Available data:

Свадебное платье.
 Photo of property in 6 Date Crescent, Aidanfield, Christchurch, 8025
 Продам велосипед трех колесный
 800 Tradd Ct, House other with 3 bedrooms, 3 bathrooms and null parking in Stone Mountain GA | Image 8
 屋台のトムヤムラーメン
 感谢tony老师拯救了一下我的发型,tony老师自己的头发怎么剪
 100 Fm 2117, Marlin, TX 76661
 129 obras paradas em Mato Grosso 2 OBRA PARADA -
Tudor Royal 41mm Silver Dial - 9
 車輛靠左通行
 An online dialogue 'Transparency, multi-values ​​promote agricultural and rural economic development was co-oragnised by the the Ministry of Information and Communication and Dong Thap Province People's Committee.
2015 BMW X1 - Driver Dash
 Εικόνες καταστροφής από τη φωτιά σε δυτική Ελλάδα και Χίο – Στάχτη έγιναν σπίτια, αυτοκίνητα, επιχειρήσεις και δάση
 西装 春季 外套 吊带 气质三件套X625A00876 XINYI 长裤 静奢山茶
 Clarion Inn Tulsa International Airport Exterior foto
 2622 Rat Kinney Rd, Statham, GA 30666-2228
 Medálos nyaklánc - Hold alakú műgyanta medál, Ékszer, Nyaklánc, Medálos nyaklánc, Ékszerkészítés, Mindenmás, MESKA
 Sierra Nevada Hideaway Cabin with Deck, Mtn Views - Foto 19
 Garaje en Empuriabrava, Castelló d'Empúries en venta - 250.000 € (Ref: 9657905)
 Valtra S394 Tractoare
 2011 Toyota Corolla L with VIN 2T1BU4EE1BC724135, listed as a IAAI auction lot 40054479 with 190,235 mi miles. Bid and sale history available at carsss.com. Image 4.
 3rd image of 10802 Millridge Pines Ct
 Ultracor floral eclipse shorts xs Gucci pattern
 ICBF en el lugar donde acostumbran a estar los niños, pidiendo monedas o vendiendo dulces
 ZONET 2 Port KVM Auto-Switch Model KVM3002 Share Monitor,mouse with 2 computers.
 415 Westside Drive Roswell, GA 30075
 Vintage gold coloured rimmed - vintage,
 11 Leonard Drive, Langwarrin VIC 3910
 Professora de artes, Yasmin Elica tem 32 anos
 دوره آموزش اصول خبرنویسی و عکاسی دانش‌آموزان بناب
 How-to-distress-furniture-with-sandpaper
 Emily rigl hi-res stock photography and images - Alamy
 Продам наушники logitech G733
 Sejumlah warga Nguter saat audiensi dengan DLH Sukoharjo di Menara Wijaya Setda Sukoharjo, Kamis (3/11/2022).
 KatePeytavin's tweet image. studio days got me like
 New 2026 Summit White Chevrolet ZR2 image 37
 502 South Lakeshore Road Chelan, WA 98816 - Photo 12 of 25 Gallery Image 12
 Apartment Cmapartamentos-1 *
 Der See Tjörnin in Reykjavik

Work task: The lines to copy are those above that contain the string "with".

Exercise response:
 800 Tradd Ct, House other with 3 bedrooms, 3 bathrooms and null parking in Stone Mountain GA | Image 8
 Sierra Nevada Hideaway Cabin with Deck, Mtn Views - Foto 19
 2011 Toyota Corolla L with VIN 2T1BU4EE1BC724135, listed as a IAAI auction lot 40054479 with 190,235 mi miles. Bid and sale history available at carsss.com. Image 4.
 ZONET 2 Port KVM Auto-Switch Model KVM3002 Share Monitor,mouse with 2 computers.
 How-to-distress-furniture-with-sandpaper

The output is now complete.